Volgens de Canadese politicoloog David Koyzis hebben politieke ideologieën als liberalisme en socialisme een ding gemeenschappelijk. Alle stellen zij een bepaald aspect van de werkelijkheid centraal, zoals de individuele autonomie. In vrijwel alle gevallen kennen deze ideologieën daarmee een waardevolle zijde. Toch kenmerken zij zich bovenal door hun eenzijdigheid.

De enige uitzondering hierop vormt volgens de auteur het christelijke denken over mens, maatschappij en staat. Dit getuigt van realiteitszin, aangezien het de gehele werkelijkheid tot uitgangspunt neemt. Hierdoor betreft het ook geen ideologie. Het tracht immers niet een groot deel van de werkelijkheid te veranderen, zodat dit in dienst komt te staan van bijvoorbeeld sociale klasse.

Koyzis staat in de calvinistische traditie. Dat vormt op zichzelf echter nog geen reden om zijn typering van het christelijke politieke denken met een korrel zout te nemen. Zoals rechtsfilosoof Andreas Kinneging laat zien in zijn boek De Onzichtbare Maat (2020), getuigt de zogeheten Europese Traditie inderdaad van realiteitszin. Met behulp van de rede leidt zij haar inzicht in goed en kwaad af uit zowel de zichtbare als onzichtbare werkelijkheid.

De Traditie begint met de klassieke filosofen, Plato voorop, en omvat tevens het christendom. Vooraanstaande kerkvaders en theologen als Augustinus en Thomas van Aquino waren immers beïnvloed door de klassieke filosofie, hoezeer zij daar ook een eigen dimensie aan toevoegden.

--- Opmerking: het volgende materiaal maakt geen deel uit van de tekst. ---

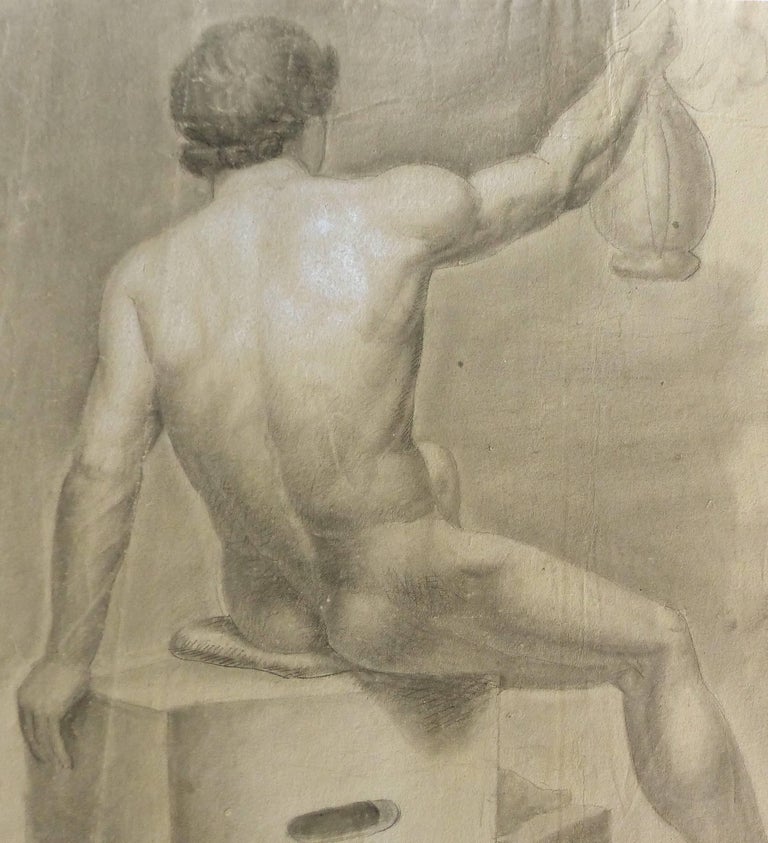 American Classical Late 18th Century Graphite and Pastel Drawing of a Male Nude Artist Study For Sale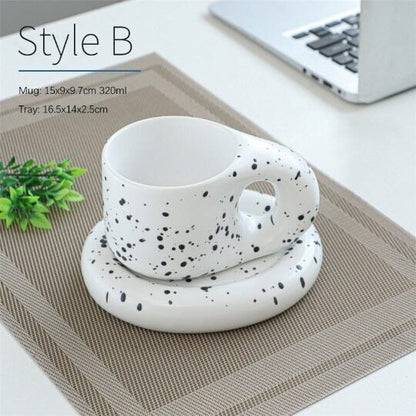 Nordic Klein Blue Coffee Mug with Fat Big Handle Ceramic Cup with Saucer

Bovenstaande maakt het mogelijk de kritiek die het CDA en zijn voorlopers in het verleden hebben uitgeoefend op de Europese Volkspartij (EVP) nader te duiden. Na haar oprichting in 1976 sloten zich geleidelijk meer conservatieve partijen aan bij de partij. Als gevolg hiervan verwaterde in de ogen van het Nederlandse smaldeel haar christen-democratische identiteit.

Inderdaad draagt het conservatisme volgens Koyzis eveneens het karakter van een ideologie. Deze denkrichting dreigt het historisch gegroeide te verabsoluteren. Dit kan ten koste gaan van een volledig zicht op de werkelijkheid. Ook is deze ideologie statisch van aard, voorzover zij zich soms tevens richt tegen een ‘goede’ ontwikkeling van de cultuur.

Binnen de EVP speelt bovendien niet alleen het conservatisme een rol. Blijkens haar beginselprogramma verdedigt zij tevens de liberale democratie. Dit is op het eerste gezicht wellicht niet opzienbarend. Toch beschouwt Koyzis niet alleen het liberalisme, maar ook de democratie als mogelijke ideologie. Dit is het geval als de wil van het volk voor onfeilbaar wordt gehouden.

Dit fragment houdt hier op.